Eight Areas of Electricity Innovation to Watch in 2017
It’s 2017 and we have a lot to look forward to in the electricity sector this year. While many of us take a moment to reflect on the accomplishments of 2016, there are just as many of us who are thinking about the challenges ahead.
For the past five years, Rocky Mountain Institute has been convening and supporting the Electricity Innovation Lab (eLab), a unique network of leaders and change agents from across the electricity industry representing a cross-section of the key stakeholders who are shaping the transformation of our electricity system.
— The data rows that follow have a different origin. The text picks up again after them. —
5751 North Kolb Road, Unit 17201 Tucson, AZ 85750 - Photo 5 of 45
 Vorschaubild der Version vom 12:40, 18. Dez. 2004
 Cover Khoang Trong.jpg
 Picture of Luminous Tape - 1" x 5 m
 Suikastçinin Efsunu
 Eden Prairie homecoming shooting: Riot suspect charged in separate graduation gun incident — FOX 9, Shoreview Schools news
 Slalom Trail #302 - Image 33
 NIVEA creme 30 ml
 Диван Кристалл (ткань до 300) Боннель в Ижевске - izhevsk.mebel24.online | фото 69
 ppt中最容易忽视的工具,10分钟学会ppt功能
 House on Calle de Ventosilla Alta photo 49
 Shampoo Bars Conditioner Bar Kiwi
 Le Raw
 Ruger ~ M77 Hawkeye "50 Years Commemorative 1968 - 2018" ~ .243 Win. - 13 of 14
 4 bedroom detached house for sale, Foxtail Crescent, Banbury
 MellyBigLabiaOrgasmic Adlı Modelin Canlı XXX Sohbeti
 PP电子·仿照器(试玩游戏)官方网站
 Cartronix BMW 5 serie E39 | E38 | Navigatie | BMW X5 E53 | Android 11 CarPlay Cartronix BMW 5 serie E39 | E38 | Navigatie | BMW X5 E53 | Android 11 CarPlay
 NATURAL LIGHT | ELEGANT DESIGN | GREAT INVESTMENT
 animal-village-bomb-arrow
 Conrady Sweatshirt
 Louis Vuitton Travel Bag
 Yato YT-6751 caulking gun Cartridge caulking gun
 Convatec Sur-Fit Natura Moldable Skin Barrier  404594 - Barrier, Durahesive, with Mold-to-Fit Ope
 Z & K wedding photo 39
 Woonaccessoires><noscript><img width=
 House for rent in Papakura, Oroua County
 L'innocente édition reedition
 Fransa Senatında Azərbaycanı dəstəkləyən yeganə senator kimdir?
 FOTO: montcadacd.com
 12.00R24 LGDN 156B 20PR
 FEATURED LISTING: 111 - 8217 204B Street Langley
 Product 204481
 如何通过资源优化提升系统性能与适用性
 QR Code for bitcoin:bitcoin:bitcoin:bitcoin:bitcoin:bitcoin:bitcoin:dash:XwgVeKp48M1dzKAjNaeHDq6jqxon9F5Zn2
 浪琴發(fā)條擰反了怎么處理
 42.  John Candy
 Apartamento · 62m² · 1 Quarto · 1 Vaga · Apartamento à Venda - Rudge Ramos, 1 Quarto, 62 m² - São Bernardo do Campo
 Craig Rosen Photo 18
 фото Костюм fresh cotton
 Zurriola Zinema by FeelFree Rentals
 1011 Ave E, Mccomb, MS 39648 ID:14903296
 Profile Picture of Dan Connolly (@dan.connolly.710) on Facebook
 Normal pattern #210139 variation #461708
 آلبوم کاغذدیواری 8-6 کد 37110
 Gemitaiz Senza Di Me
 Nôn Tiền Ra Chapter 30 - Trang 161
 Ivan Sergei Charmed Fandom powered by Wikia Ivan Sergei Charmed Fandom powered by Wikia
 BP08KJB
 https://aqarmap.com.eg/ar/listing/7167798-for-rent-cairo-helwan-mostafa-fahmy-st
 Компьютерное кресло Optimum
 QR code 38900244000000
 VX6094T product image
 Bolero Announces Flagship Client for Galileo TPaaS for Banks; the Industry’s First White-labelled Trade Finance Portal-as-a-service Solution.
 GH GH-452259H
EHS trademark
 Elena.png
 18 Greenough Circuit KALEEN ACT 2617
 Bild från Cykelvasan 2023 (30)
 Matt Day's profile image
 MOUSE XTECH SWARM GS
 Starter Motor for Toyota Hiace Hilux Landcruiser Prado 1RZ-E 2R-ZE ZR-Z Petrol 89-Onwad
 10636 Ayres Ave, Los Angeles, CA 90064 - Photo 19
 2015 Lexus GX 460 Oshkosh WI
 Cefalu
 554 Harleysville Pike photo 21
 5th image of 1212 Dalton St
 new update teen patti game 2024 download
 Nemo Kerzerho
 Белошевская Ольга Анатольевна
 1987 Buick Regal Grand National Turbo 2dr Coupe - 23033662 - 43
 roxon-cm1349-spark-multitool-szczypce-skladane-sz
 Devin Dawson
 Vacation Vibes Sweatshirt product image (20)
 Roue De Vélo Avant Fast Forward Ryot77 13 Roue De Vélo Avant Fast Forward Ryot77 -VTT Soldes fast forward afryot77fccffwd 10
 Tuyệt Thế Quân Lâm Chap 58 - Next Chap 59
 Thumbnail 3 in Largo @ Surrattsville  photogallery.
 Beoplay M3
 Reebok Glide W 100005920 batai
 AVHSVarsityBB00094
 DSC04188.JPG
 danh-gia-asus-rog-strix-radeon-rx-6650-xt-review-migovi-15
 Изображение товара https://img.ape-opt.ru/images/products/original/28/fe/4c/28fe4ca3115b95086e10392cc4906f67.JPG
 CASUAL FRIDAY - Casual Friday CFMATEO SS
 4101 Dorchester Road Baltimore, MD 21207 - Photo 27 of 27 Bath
With utilities, regulators, distributed energy resource companies, energy consumers, advocates, and academic experts collaborating together, eLab really is a laboratory: a place to test new ideas and to explore new solutions.
eLab reached new heights in 2016 with our first-ever eLab Summit, which brought together 135 members to engage collaboratively on optimal approaches to continue the evolution of the electricity sector.
We surveyed those eLab members about their most exciting opportunities—and their critical challenges—in 2017. Eight key issues emerged.
1. Distributed Energy Resource (DER) Valuation and Rate Design
Things are starting to get interesting in this space. Nevada just reinstated net metering, Arizona and California are moving to time-of-use rates, New York is moving closer to a “value of DERs” tariff. And we still have 46 states to go! As of last count, 15 states were formally examining or resolved to examine the value of distributed generation.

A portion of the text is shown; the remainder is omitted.